The White House said Bush spoke to Adams, whose party is the political ally of the Irish Republican Army (IRA), from Air Force One as he travelled back to Washington after spending the Thanksgiving holiday on his ranch in Crawford, Texas.
"The president expressed his support for the peace process and the agreement proposed by (British Prime Minister Tony) Blair and (Irish Prime Minister Bertie) Ahern," White House spokesman Scott McClellan said.
"The president called on Mr Adams to help provide the leadership to move this process forward," he said.
Adams said he briefed the president on his party's demands in the latest peace talks.
"Irish America, the Bush administration and the previous (US President Bill) Clinton administration have been very helpful throughout the peace process," Adams said in a statement.
Bush contacted Protestant leader Ian Paisley on Friday in an attempt to break a deadlock in the British-ruled province.
Britain and Ireland are trying to push Paisley's Democratic Unionist Party (DUP) into agreeing to share power over the province with Sinn Fein -- a previously unthinkable alliance.
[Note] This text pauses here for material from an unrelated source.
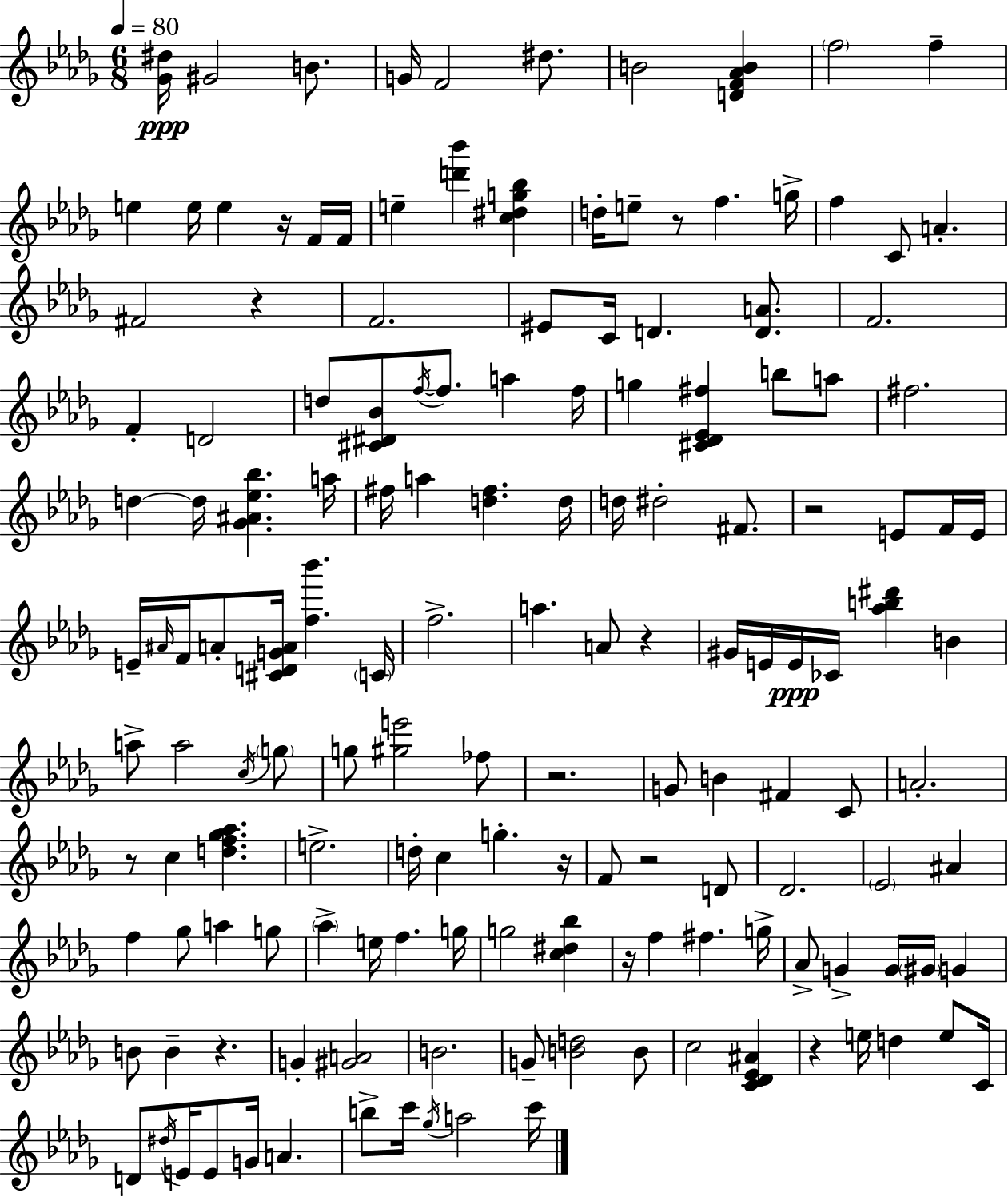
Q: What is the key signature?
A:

Protestant unionists, who support British rule, and Catholic republicans, who want a united Ireland, are studying an Anglo-Irish peace plan to revive home rule.
London and Dublin say time is running out for an agreement and officials from all sides will meet again this week.
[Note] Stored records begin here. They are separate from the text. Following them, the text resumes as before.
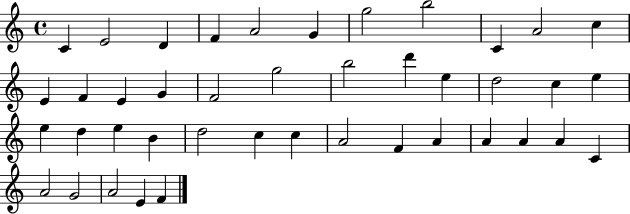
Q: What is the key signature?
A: C major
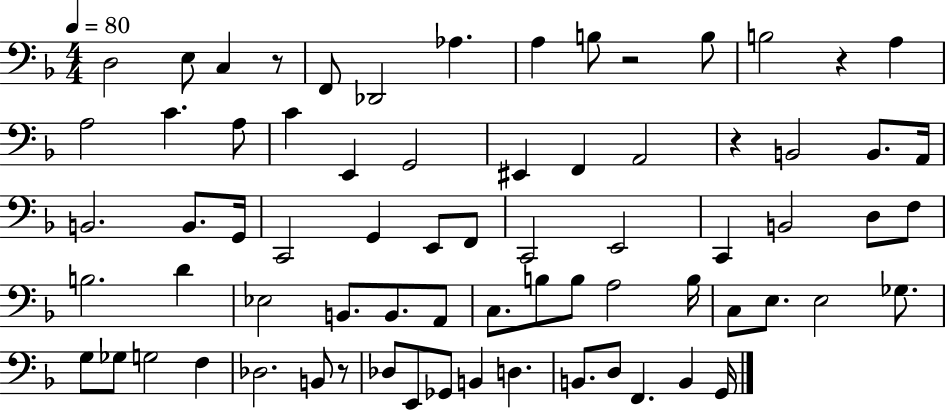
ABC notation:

X:1
T:Untitled
M:4/4
L:1/4
K:F
D,2 E,/2 C, z/2 F,,/2 _D,,2 _A, A, B,/2 z2 B,/2 B,2 z A, A,2 C A,/2 C E,, G,,2 ^E,, F,, A,,2 z B,,2 B,,/2 A,,/4 B,,2 B,,/2 G,,/4 C,,2 G,, E,,/2 F,,/2 C,,2 E,,2 C,, B,,2 D,/2 F,/2 B,2 D _E,2 B,,/2 B,,/2 A,,/2 C,/2 B,/2 B,/2 A,2 B,/4 C,/2 E,/2 E,2 _G,/2 G,/2 _G,/2 G,2 F, _D,2 B,,/2 z/2 _D,/2 E,,/2 _G,,/2 B,, D, B,,/2 D,/2 F,, B,, G,,/4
Adams said on Sunday he believed his Protestant rivals were ready to agree to a peace deal.
"I think he (Paisley) will do a deal," Adams told BBC Television from Belfast. "He wants to do a deal on his terms. He has to do a deal on terms that are acceptable to the rest of us," he said.
Paisley said on Friday his party needed to be assured that the IRA had put down its weapons for good.
The DUP plans to meet retired Canadian General John de Chastelain, head of an international body overseeing guerrilla disarmament, on Monday, while Paisley will meet Blair on Tuesday.
Last week Paisley raised a long list of questions about the Anglo-Irish peace plan. London has tried to answer them and Paisley will give his response on Tuesday.
Adams called again for Britain and the Irish republic to restore home rule even if the DUP rejects the deal.
"If the DUP do not come aboard ... then the governments have to press ahead," he said.
Power sharing was set up under the 1998 Good Friday peace accord, which tried to end a three-decade political and sectarian conflict which cost more than 3600 lives.
Bush has not carried on Clinton's enthusiastic engagement in Northern Ireland, but the US has played a low-key role in efforts to keep the process on track.
Bush said on Friday he intervened to try to get Paisley's and Adams' parties to the table to get an agreement.
Violence has largely stopped in Northern Ireland but political stability has been elusive, with the vexed issue of the IRA and its guns dogging efforts to sustain power sharing.
Britain suspended home rule in October 2002 after allegations of IRA spying caused a final breakdown of trust.